TASK OBJECTIVE -
From the line containing "CausYou oval cut" to the line containing "a knight fighting" in the records below, set down every line exactly as it stands, both ends included, and skip the pictures.

::: DATASET EXCERPTS

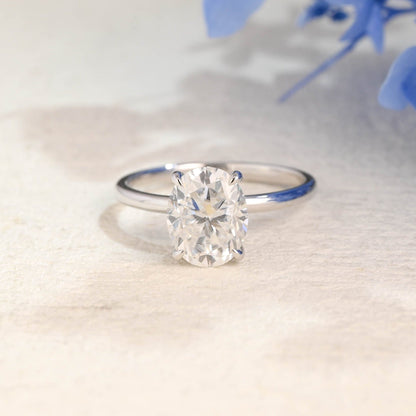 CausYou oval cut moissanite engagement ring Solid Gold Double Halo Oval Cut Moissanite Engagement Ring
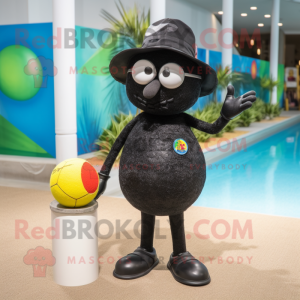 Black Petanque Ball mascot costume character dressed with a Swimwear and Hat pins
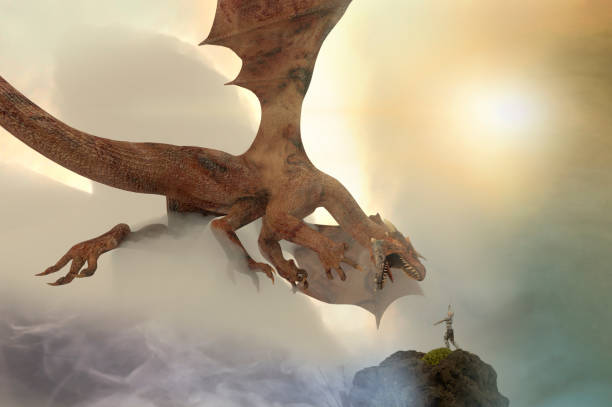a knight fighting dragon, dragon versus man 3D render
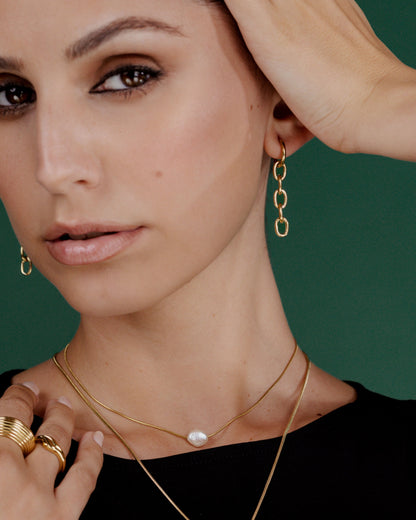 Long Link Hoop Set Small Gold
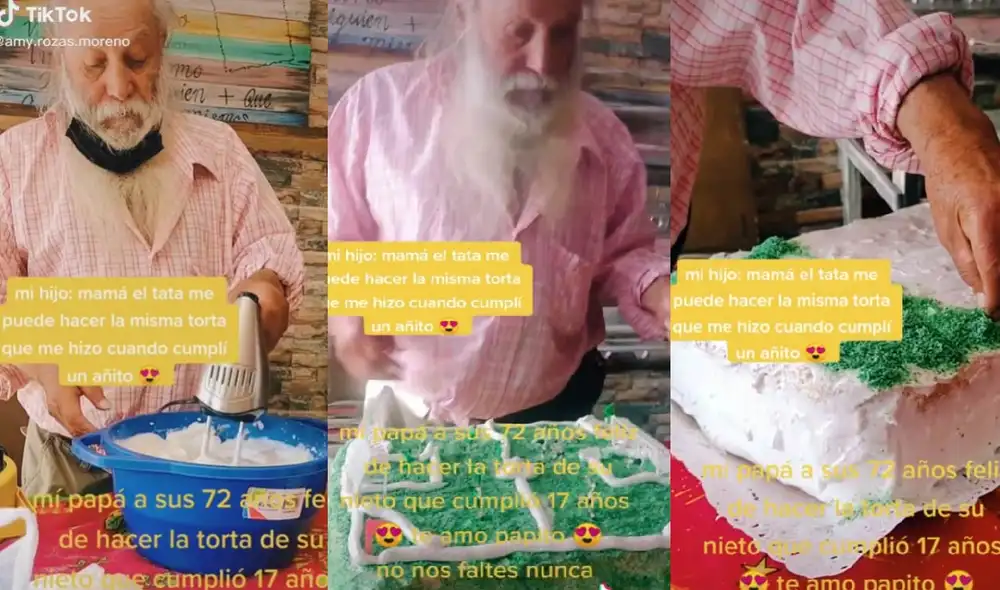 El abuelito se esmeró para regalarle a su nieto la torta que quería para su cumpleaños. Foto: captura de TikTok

::::::
::: DATASET EXCERPTS

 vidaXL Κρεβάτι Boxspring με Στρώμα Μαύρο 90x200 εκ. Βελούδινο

::::::

EXERCISE ANSWER -
 CausYou oval cut moissanite engagement ring Solid Gold Double Halo Oval Cut Moissanite Engagement Ring
 Black Petanque Ball mascot costume character dressed with a Swimwear and Hat pins
a knight fighting dragon, dragon versus man 3D render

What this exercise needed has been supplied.